WORK ITEM
Counting only lines of the listing below that hold the word "with", give the total and nothing else.

----

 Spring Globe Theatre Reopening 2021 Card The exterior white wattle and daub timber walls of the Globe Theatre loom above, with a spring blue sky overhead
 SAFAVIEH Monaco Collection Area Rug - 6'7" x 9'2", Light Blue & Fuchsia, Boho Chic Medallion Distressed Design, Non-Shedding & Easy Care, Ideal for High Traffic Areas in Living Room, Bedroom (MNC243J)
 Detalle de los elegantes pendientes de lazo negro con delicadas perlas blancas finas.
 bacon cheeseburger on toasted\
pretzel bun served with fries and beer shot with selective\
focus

----

FINAL ANSWER
2